Белоголовый отец Онуфрий, сидевший на полу у замочной скважины и… оскорбленный обвинениями боярина, сказал:

· Простите меня, но эти дела так не делаются… Мы собирали его для божественной литургии, а не для того, чтобы вешать на нем награды…

· Глупые вы люди, когда же еще награждать духовных лиц, как не на праздничных службах?

· На праздничных, но предуведомив, испросив заранее позволения.

· Да что отцу Паисию это архимандритство — камень на шее, что ли? Ну получил и забыл. И с той же ноги топай себе дальше.

· С той ноги уже не получится.

· Почему?

· Потому что предметы отличия гнут нас к земле, к ее богатствам, к ее славе, а мы дали обет служить небесам». Друцэ И. Белая церковь.
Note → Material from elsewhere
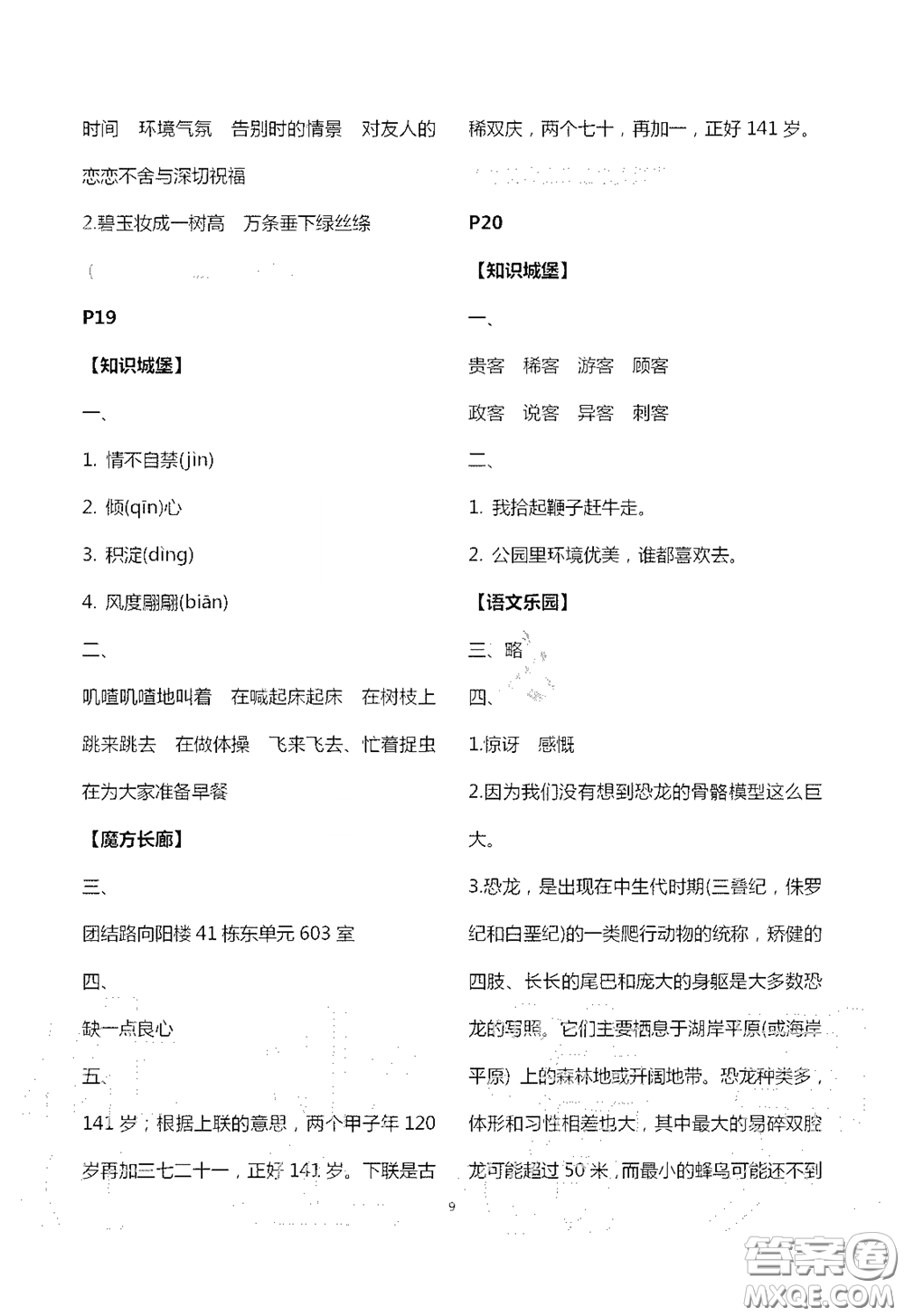 江蘇鳳凰教育出版社2020過好暑假每一天小學(xué)五年級答案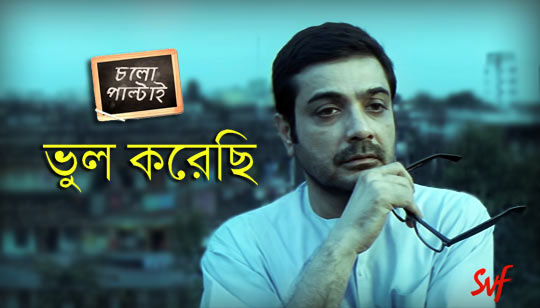 Bhul Korechi Lyrics (ভুল করেছি) Chalo Paltai | Raghab Chatterjee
М., 1990. С. 194, 198.

«Господи, подумал я, куда докатился мир творений рук Твоих! Разве жизнь, отданная добру и милосердию, не есть уже само по себе свидетельство служения Тебе? Разве это служение нуждается еще и в присвоении особого чина? И если для Твоих служителей Твой завет человеколюбия есть только слово, но не есть дело, то не рискуют ли храмы Твои превратиться в залы для демонстрации искусства хорового пения с частыми переодеваниями священников в золоченные ризы времен византийских императоров?!»

Друцэ И. Самаритянка. М., 1989. С. 35, 36.

«Все, что в мире, есть похоть плоти, или похоть зрения, или гордость жизни, похоть плотская, и похоть очей, и гордость житейская (1 Иоанна 2.16). несчастна земля проклятия, скорее опаляемая, чем орошаемая этими тремя огненными реками! Счастливы те, которые среди этих потоков не погружаются в них, не дают им увлекать себя, но крепко держатся — не стоя, а сидя в низкой и прочной ладье, из которой они никогда не поднимаются до рассвета; но мирно отдохнув в ней, простирают руки к имеющему поднять их, поставить на ноги и укрепить на ступенях священного Иерусалима, где они уже безопасны от ударов и нападений гордости. До тех пор же они плачут не от сожаления о гибели преходящий вещей, увлекаемых потоками, но от воспоминания о своей дорогой отчизне, небесном Иерусалиме, о котором непрестанно воздыхают в своем продолжительном из него изгнании!»

Блез Паскаль. Мысли. М., 1994. С. 248.